Betty Schimpff – Directrice de la revue « La Documentation par l’image » - 1989

La seconde guerre mondiale et l’occupation

Pendant la seconde guerre mondiale, Pierre et Fernand Nathan, persécutés par les nazis, tentent dans un premier temps de faire survivre la maison d'édition. Mais très vite les autorités d'occupation s'acharnent sur l'entreprise et lui imposent un administrateur. C'est grâce à un mouvement de solidarité exemplaire au sein de la profession que la maison va survivre à la guerre.

Pour sauvegarder la Maison Nathan, un groupe d'éditeurs parisiens, conduit par André Gillon des Editions Larousse, conçoit un stratagème exemplaire et courageux.

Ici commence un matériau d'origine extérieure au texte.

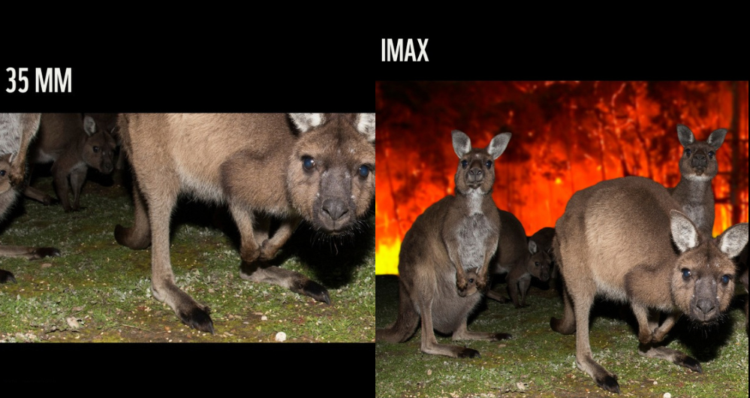 WWF convierte el trend de IMAX en una campaña contra los incendios forestales 1 WWF convierte el trend de IMAX en una campaña contra los incendios forestales
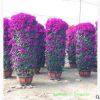 造型三角梅花柱 三角梅樁景 多種規(guī)格花色 工程綠化苗 產(chǎn)地直銷(xiāo)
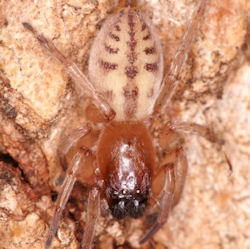 Clubiona ZZ558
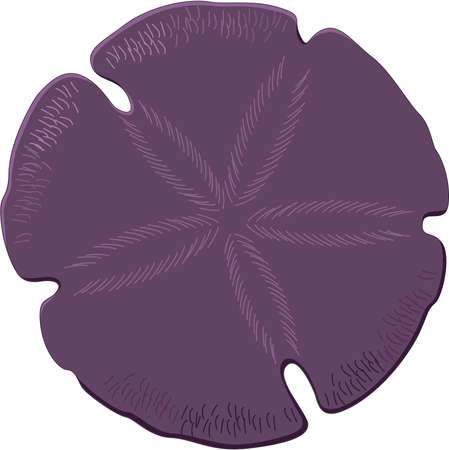 Detail Free Sand Dollar Clip Art Nomer 43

Ce groupe reprend les Editions Nathan et les administre pendant la période d'occupation. Ils rendront l'entreprise à Fernand et Pierre Nathan le jour de la libération de Paris. Le courage de ce groupe et l'implication totale de chacun des salariés Nathan pendant la guerre ont ainsi permis de sauver la Maison.

 
Journal des instituteurs et des institutrices

Sauvé par un instituteur !

Contraint de fuir Paris sous l’Occupation, Pierre Nathan trouva en zone dite « libre » un abri momentané. Il lui plaisait de rappeler à ce propos une anecdote émouvante.

Alors qu’il cherchait un « passeur » pour franchir la ligne de démarcation, il aperçut dans un café, un exemplaire du « Journal des Instituteurs ». En apprenant que l’établissement était tenu par la femme de l‘instituteur du village, il n’hésita pas à se faire reconnaître et ce fut l’instituteur lui-même qui tint à l’honneur de lui faire franchir la ligne de démarcation, lui sauvant la vie au risque de la sienne.

Cette anecdote montre en quelle estime les maîtres français tenaient l’action pédagogique des Editions Nathan.

 

La Maison Nathan a réussi à éviter l’aryanisation pendant la seconde guerre mondiale. Les archives ont été sauvées par Souché, la Maison a été gardée par deux employés, Madame Prêtre et Monsieur Breton et le fonds préservé avec l’aide des Editions Larousse. Les valeurs de la Maison sont restées intactes et, en 1945, elle est de nouveau incarnée par la famille Nathan.